“Carder” Design Reassigned
All About Glass
In 1959, The Corning Museum of Glass received a large group of objects as a gift from Frederick Carder, the retired director of the Steuben Glass Works. Most of these had been made at Steuben in Corning, New York, but some were English. Most of the English pieces came from Stevens & Williams of Brierley Hill, near Stourbridge, where Carder had been a designer from 1880 until 1903, the year he came to Corning to manage Steuben.
One of the English objects was a metal candlestick / flower holder with glass inserts, which the museum catalogued as having been made by Stevens & Williams [59.2.8] (Fig. 1). In 1998, when Royal Brierley Crystal, the successor company to Stevens & Williams, sold the collection from its company museum, we purchased a similar but much larger centerpiece / flower holder that was supposed to be a Carder design [98.2.10] (Fig. 2), and it has been displayed in our Carder Gallery since 2000. The design of this object matched that of the other flower center, but it was more elaborate, and we thought it was an outstanding sample of Carder’s English work.

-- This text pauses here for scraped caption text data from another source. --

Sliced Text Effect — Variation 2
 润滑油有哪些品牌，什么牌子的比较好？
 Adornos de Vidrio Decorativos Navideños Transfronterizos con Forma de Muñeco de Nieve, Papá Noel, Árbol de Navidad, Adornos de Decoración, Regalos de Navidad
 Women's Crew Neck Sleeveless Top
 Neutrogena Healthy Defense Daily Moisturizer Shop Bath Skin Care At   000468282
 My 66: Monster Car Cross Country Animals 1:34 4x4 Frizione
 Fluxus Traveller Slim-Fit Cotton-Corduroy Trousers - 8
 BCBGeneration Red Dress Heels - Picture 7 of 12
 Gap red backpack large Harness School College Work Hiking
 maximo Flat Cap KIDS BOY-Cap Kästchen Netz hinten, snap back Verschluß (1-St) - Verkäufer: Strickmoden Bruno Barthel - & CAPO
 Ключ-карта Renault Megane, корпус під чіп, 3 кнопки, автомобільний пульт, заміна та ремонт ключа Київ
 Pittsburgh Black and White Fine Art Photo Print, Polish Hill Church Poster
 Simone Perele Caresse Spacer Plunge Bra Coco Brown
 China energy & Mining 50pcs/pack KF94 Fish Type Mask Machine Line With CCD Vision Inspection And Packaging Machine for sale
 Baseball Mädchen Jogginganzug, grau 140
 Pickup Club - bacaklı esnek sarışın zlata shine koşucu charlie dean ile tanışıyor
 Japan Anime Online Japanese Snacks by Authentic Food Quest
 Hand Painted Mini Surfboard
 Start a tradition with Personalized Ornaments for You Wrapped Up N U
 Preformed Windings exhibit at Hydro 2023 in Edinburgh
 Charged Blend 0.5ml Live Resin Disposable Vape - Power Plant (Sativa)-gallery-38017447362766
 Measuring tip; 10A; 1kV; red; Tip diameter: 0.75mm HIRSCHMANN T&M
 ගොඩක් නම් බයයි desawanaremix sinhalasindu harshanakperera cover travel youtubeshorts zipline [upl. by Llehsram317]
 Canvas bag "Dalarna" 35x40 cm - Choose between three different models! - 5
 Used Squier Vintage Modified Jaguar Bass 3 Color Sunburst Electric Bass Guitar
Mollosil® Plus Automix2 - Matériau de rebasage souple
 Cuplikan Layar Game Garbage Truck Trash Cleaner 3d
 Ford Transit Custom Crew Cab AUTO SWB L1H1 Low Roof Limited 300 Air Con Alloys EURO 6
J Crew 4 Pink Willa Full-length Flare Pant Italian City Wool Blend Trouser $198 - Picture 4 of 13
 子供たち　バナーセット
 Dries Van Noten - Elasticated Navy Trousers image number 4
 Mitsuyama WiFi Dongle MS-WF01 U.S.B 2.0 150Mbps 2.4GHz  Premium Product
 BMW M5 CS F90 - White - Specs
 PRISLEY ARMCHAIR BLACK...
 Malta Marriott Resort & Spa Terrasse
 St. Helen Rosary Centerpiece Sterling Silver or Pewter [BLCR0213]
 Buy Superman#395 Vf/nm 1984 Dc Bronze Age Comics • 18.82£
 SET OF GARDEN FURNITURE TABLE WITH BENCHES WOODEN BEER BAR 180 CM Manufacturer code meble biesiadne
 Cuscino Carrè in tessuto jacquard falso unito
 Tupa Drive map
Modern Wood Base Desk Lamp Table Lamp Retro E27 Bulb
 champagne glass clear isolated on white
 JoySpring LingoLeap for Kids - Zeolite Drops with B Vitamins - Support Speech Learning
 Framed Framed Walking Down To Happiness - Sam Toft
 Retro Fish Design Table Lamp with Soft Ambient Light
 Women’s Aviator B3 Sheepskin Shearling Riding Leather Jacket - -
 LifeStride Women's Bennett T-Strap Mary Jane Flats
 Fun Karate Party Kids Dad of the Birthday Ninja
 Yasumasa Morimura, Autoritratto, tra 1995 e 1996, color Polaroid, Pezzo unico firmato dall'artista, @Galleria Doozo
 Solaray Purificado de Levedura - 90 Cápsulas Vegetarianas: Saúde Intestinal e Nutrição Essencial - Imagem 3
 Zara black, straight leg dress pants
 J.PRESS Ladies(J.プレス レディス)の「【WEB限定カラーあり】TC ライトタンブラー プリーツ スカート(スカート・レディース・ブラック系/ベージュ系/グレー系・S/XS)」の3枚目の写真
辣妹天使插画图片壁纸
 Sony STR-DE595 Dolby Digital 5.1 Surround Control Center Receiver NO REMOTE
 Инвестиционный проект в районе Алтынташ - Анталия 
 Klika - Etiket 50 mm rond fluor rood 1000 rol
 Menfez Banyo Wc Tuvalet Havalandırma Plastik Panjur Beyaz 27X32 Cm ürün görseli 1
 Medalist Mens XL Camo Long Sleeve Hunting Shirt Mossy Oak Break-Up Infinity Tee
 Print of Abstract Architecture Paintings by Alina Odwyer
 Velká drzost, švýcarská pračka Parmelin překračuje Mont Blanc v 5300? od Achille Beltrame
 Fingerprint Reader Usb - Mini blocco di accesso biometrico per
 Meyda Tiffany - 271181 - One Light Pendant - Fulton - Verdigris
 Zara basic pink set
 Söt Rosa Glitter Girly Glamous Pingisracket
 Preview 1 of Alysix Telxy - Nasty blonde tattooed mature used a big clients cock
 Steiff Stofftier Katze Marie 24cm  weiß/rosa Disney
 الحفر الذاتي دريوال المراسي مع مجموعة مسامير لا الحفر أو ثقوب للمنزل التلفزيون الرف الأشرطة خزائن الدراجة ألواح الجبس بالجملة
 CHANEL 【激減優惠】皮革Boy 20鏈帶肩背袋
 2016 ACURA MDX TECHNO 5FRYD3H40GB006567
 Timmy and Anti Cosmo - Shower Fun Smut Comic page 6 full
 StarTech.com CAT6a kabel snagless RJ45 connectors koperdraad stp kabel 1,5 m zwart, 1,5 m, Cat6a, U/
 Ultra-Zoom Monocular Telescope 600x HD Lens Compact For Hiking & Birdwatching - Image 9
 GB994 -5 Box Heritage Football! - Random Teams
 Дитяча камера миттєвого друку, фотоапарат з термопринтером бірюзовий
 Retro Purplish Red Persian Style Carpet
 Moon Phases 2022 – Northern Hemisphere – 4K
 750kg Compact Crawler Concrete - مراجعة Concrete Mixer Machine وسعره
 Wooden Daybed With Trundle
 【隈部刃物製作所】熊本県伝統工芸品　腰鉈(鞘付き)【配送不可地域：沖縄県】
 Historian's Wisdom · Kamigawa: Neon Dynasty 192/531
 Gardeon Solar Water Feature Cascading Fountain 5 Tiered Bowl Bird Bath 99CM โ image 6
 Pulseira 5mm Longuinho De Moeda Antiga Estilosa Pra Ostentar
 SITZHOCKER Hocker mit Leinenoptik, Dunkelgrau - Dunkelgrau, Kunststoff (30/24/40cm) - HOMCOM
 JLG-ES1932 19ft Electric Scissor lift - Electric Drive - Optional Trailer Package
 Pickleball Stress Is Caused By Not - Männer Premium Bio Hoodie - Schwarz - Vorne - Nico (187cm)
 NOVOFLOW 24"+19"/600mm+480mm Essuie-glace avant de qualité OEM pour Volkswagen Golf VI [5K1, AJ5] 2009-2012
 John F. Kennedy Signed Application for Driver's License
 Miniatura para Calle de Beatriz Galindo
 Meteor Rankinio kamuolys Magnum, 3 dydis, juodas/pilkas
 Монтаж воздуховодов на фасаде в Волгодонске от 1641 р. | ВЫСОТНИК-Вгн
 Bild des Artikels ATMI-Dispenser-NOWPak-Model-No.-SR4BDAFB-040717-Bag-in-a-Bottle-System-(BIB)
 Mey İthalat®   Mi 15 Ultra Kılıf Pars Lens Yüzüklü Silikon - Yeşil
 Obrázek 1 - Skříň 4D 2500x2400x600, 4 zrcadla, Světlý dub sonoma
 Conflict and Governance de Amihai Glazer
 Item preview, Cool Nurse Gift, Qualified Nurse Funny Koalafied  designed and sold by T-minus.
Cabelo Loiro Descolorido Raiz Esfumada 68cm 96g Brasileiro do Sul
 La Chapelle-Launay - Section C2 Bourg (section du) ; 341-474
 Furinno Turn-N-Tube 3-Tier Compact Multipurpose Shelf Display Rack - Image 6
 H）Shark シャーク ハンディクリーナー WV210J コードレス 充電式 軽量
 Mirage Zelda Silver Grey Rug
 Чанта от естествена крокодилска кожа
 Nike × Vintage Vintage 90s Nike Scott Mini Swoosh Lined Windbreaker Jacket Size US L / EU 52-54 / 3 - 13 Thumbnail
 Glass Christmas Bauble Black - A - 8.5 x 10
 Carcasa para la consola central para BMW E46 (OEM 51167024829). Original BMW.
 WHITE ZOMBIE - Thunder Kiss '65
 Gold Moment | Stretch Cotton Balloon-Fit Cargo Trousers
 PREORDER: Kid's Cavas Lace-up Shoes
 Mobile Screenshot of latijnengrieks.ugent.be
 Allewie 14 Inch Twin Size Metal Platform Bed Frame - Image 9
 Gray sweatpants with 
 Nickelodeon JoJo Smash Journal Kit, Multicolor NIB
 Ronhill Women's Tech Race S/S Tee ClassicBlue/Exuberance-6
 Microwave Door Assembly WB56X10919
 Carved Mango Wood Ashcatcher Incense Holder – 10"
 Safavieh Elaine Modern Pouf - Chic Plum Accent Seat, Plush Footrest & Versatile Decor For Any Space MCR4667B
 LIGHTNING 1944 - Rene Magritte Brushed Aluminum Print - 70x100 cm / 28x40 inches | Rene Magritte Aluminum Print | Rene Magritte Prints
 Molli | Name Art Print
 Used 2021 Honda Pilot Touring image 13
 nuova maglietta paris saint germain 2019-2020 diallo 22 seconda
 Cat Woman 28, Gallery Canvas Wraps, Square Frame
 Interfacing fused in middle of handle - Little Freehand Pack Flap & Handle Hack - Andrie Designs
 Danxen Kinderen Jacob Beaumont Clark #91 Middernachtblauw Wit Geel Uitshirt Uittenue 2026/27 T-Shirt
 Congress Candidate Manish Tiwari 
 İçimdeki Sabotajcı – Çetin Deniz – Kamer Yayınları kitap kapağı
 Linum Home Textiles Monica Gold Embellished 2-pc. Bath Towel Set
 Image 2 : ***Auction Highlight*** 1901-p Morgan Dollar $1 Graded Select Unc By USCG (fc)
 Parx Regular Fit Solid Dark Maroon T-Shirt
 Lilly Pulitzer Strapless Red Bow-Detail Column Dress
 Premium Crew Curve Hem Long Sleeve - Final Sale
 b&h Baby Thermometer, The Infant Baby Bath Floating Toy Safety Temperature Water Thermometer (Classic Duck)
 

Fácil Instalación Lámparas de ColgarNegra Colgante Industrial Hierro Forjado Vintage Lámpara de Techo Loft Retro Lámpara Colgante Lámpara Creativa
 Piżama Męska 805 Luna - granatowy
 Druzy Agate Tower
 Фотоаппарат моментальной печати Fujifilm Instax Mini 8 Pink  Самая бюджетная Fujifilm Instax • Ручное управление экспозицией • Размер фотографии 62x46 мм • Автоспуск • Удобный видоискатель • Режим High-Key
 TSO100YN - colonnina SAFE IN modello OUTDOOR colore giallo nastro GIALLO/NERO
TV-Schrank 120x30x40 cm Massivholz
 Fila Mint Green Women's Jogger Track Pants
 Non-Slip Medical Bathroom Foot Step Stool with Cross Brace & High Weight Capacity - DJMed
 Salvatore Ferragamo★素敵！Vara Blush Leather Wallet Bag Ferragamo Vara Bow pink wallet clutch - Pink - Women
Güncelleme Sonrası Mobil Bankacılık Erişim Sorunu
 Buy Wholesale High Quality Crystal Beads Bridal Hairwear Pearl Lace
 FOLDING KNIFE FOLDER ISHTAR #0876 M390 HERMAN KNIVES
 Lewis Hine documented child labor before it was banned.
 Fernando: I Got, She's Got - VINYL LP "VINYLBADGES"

However, a close examination of the flower center we received from Carder revealed a design number of 409769, which was registered to the firm of John Walsh Walsh of the Soho and Vesta Glass Works in Birmingham, England, in May 1903. The design was called “Water Lily,” and it was made in several sizes and variations. The Walsh firm advertised this design in the August 1903 issue of The Pottery Gazette, and the object shown in Figure 2 here was illustrated in the advertisement.
The candlestick / flower holder in Corning may have been a gift to Carder as he prepared to leave England for a new career in the United States. However, he may have purchased it as an example of good design.
Both objects are elegant works from the Arts and Crafts Movement and good additions to our collection. The Walsh firm was founded in Birmingham in 1850, and it lasted until 1951. It produced mostly blown table wares. While Walsh was never as large as the better-known Thomas Webb & Sons and Stevens & Williams / Royal Brierley Crystal, it did register a number of original designs in the 1880s and in the early 20th century.
Jane Shadel Spillman
This article was published in the Journal of Glass Studies, Vol. 51 (2009), 237–238.